• Directions: Starting at the line containing "Poster Abstract pastel" and ending at the line containing "JIUZHEN Vorhang Blickdicht", transcribe the listing below exactly. Keep both end lines, skip the pictures, and copy nothing else.

• Records to use:
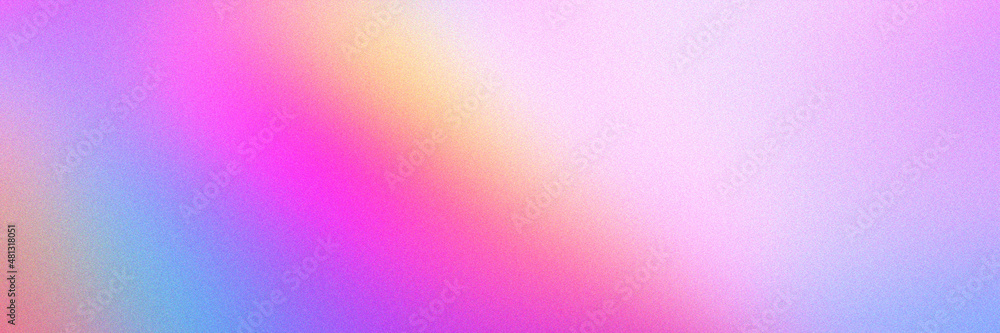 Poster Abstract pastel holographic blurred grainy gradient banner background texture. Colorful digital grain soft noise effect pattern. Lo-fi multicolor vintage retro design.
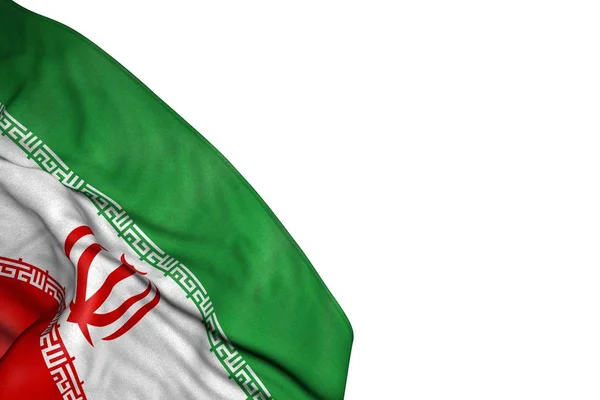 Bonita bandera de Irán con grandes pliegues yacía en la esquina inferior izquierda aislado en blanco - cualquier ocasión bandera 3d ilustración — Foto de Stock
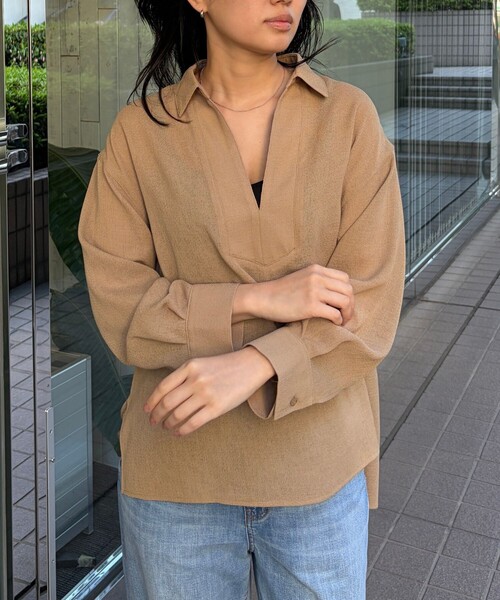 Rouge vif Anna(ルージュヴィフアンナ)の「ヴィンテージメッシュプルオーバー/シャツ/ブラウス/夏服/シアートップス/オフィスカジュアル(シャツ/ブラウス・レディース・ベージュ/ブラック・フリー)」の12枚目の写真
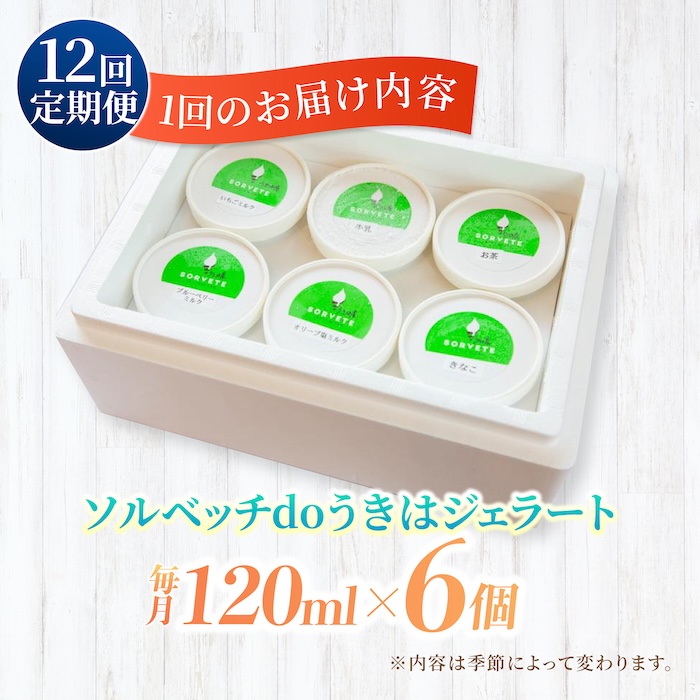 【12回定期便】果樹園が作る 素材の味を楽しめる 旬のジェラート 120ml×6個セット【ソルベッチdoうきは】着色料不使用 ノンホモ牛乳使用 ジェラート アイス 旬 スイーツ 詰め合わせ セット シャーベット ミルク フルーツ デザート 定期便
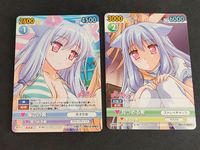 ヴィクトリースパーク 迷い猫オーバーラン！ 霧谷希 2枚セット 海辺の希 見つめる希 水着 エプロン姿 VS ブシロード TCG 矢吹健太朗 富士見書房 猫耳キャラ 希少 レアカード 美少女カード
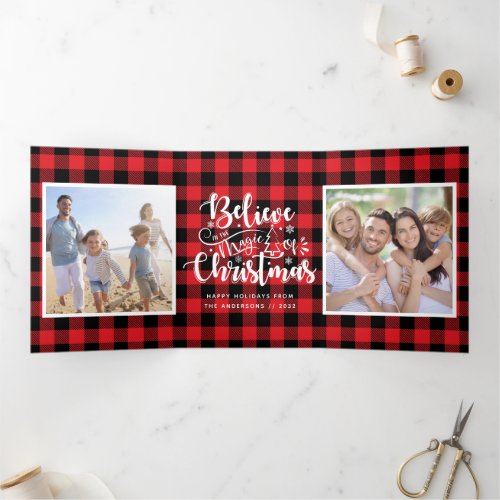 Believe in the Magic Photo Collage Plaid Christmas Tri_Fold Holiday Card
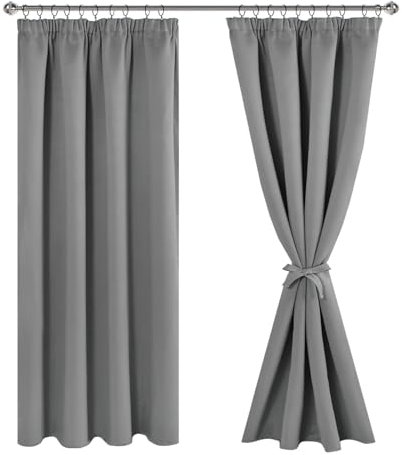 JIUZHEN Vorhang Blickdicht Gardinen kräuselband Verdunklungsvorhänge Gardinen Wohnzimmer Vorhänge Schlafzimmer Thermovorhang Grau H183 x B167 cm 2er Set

---

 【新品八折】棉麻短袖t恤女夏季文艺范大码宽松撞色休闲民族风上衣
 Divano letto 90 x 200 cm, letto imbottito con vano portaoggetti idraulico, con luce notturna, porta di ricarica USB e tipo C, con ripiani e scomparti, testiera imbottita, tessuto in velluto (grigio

• Task solution:
 Poster Abstract pastel holographic blurred grainy gradient banner background texture. Colorful digital grain soft noise effect pattern. Lo-fi multicolor vintage retro design.
 Bonita bandera de Irán con grandes pliegues yacía en la esquina inferior izquierda aislado en blanco - cualquier ocasión bandera 3d ilustración — Foto de Stock
 Rouge vif Anna(ルージュヴィフアンナ)の「ヴィンテージメッシュプルオーバー/シャツ/ブラウス/夏服/シアートップス/オフィスカジュアル(シャツ/ブラウス・レディース・ベージュ/ブラック・フリー)」の12枚目の写真
 【12回定期便】果樹園が作る 素材の味を楽しめる 旬のジェラート 120ml×6個セット【ソルベッチdoうきは】着色料不使用 ノンホモ牛乳使用 ジェラート アイス 旬 スイーツ 詰め合わせ セット シャーベット ミルク フルーツ デザート 定期便
 ヴィクトリースパーク 迷い猫オーバーラン！ 霧谷希 2枚セット 海辺の希 見つめる希 水着 エプロン姿 VS ブシロード TCG 矢吹健太朗 富士見書房 猫耳キャラ 希少 レアカード 美少女カード
 Believe in the Magic Photo Collage Plaid Christmas Tri_Fold Holiday Card
 JIUZHEN Vorhang Blickdicht Gardinen kräuselband Verdunklungsvorhänge Gardinen Wohnzimmer Vorhänge Schlafzimmer Thermovorhang Grau H183 x B167 cm 2er Set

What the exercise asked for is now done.